Running on Kubernetes

The following instructions allow you to deploy this tool into a Kubernetes instance. You would typically use the Kubernetes option to run the tool in close proximity to a Manetu instance running in the same cluster, though this is not strictly required.
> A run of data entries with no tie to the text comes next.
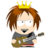 ratson's profile image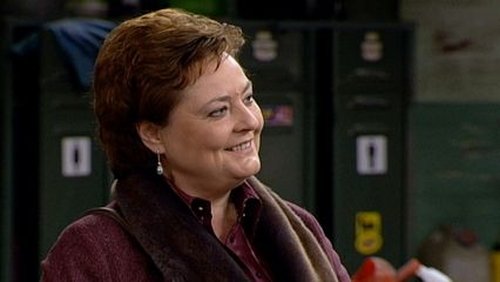 Image de l'épisode 12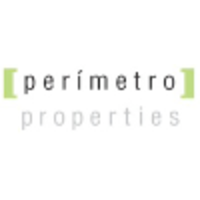 Perimetro Properties, Inc. logo, Perimetro Properties, Inc. contact details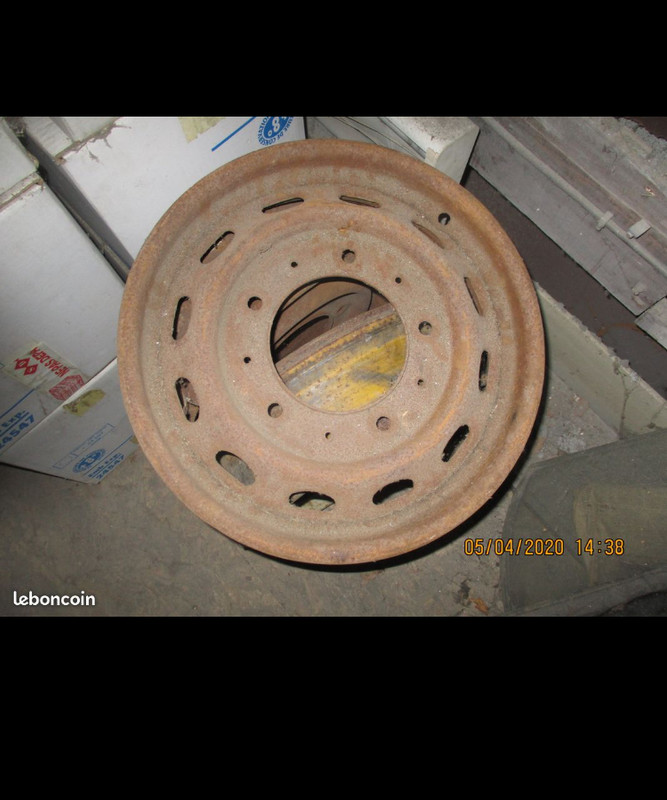 3FB263A0-5B68-4B29-9A3D-14C4DAA27729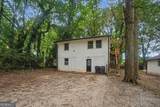2494 Lester Street - Photo 7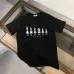 1HERMES T-shirts for men #A25626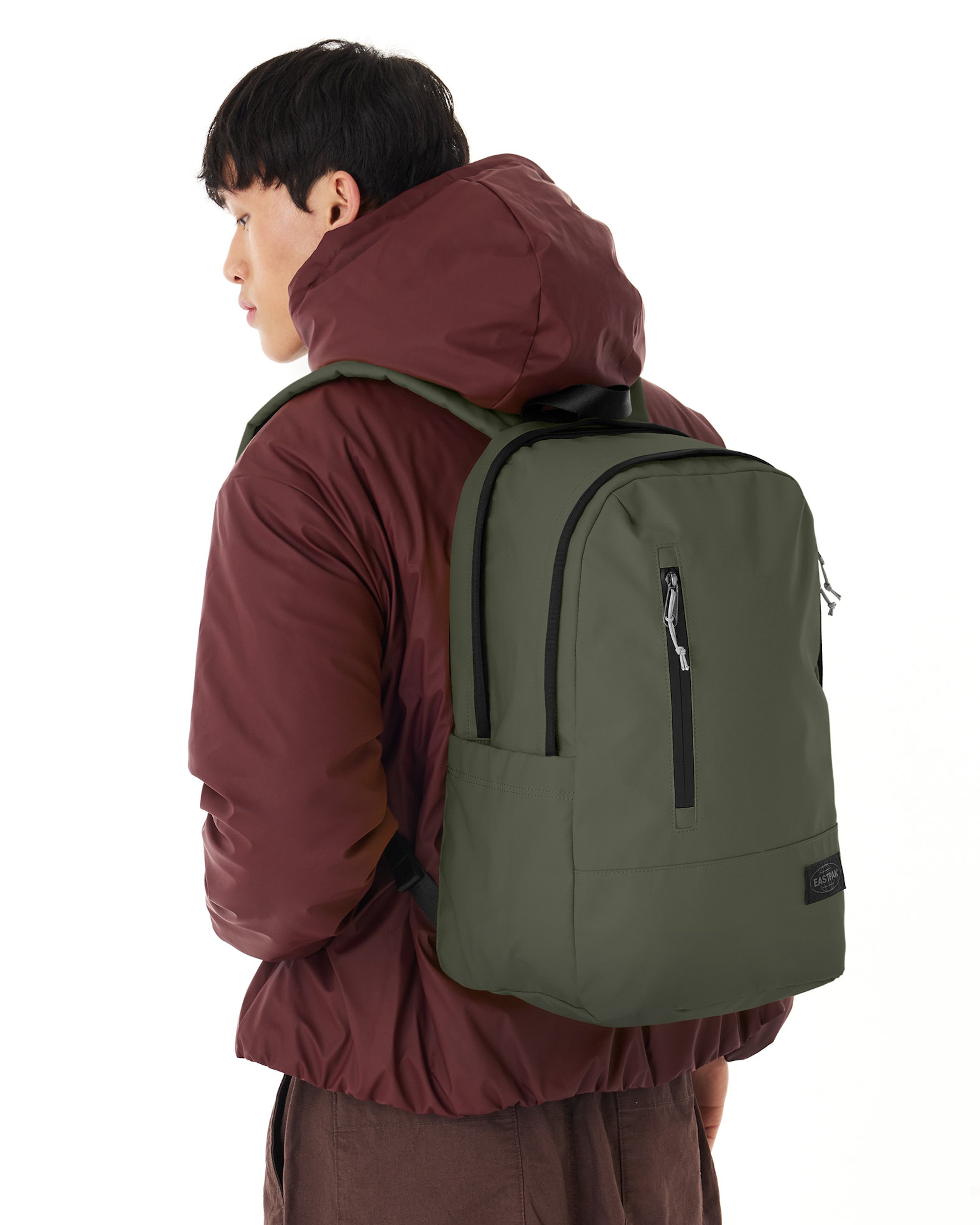 Tarp Pack Laptoprugzak 16 inch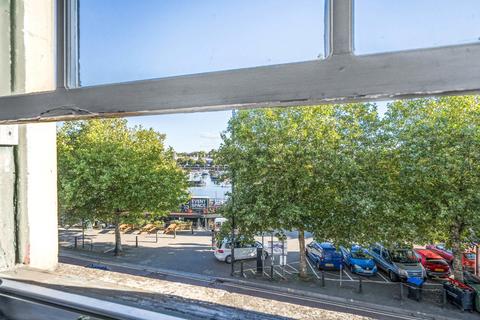 1 bedroom apartment to rent, Hotwell Road, Bristol BS8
Manetu hosts a Docker-based version of this tool on Dockerhub:

https://hub.docker.com/repository/docker/manetuops/sparql-loadtest/general

We will use this to deploy into Kubernetes.

Setup

Credentials

You must inject a Personal Access Token to your Manetu instance as a Kubernetes Secret into your cluster for the tool to use, like so:

kubectl create secret generic manetu-sparql-loadtest --from-literal=MANETU_TOKEN=<your token>

Query/Bindings data

You must also deploy the query/bindings you wish to use as a Kubernetes ConfigMap. The ConfigMap should have two bindings named 'bindings.csv' and 'query.sparql', which we will use to inject the files into our deployment in the next step.

Example
kubectl create configmap manetu-sparql-loadtest --from-file=bindings.csv=examples/by-uuid/bindings.csv --from-file=query.sparql=examples/by-uuid/query.sparql

Launching the test

Next, we can define a Kubernetes Job that leverages our secret/configmap like so:

apiVersion: batch/v1
kind: Job
metadata:
  name: manetu-sparql-loadtest
spec:
  template:
    spec:
      restartPolicy: Never
      containers:
      - name: sparql-loadtest
        image: manetuops/sparql-loadtest:latest
        imagePullPolicy: Always
        env:
          - name: MANETU_URL
            value: https://ingress.manetu-platform
          - name: LOG_LEVEL
            value: info
          - name: LOADTEST_CONCURRENCY
            value: "64"
          - name: LOADTEST_NR
            value: "10000"
          - name: LOADTEST_QUERY
            value: "/etc/manetu/loadtest/query.sparql"
          - name: LOADTEST_BINDINGS
            value: "/etc/manetu/loadtest/bindings.csv"
        envFrom:
          - secretRef:
              name: manetu-sparql-loadtest
        volumeMounts:
          - name: data
            mountPath: "/etc/manetu/loadtest"
            readOnly: true
      volumes:
      - name: data
        configMap:
          name: manetu-sparql-loadtest

For convenience, this file is available in this repository as kubernetes/job.yaml. You may apply this like so:

kubectl apply -f kubernetes/job.yaml

Obtaining results

Once the job is completed, you may use 'kubectl logs' to obtain the test results. First, obtain the name of the pod, like so:

$ kubectl get pods
NAME                           READY   STATUS      RESTARTS   AGE
manetu-sparql-loadtest-4bmkh   0/1     Completed   0          28m

Then, query for the job logs, like so:

$ kubectl logs manetu-sparql-loadtest-4bmkh
+ exec java -jar /usr/local/app.jar -u https://ingress.manetu-platform -l info --no-progress --insecure --concurrency 64 --nr 10000 --query /etc/manetu/loadtest/examples/label-by-email.sparql --bindings /etc/manetu/loadtest/examples/bindings.csv
2024-10-18T23:51:00.921Z INFO processing 10000 requests with concurrency 64
2024-10-18T23:51:00.943Z INFO Loading bindings from: /etc/manetu/loadtest/examples/bindings.csv
|-------------+----------------+-------+--------+--------+--------+--------+--------+--------+--------|
| Description |      Count     |  Min  |  Mean  | Stddev |   P50  |   P90  |   P99  |   Max  |  Rate  |
|-------------+----------------+-------+--------+--------+--------+--------+--------+--------+--------|
| Errors      | 0 (0.0%)       | 0.0   | 0.0    | 0.0    | 0.0    | 0.0    | 0.0    | 0.0    | 0.0    |
| Not found   | 0 (0.0%)       | 0.0   | 0.0    | 0.0    | 0.0    | 0.0    | 0.0    | 0.0    | 0.0    |
| Successes   | 10000 (100.0%) | 26.37 | 109.17 | 42.2   | 109.07 | 144.32 | 186.83 | 586.19 | 489.78 |
| Total       | 10000 (100.0%) | 26.37 | 109.17 | 42.2   | 109.07 | 144.32 | 186.83 | 586.19 | 489.78 |
|-------------+----------------+-------+--------+--------+--------+--------+--------+--------+--------|
Total Duration: 20417.142784msecs

Tip: If the job is experiencing errors, you may set LOG_LEVEL to 'trace' to diagnose the problem.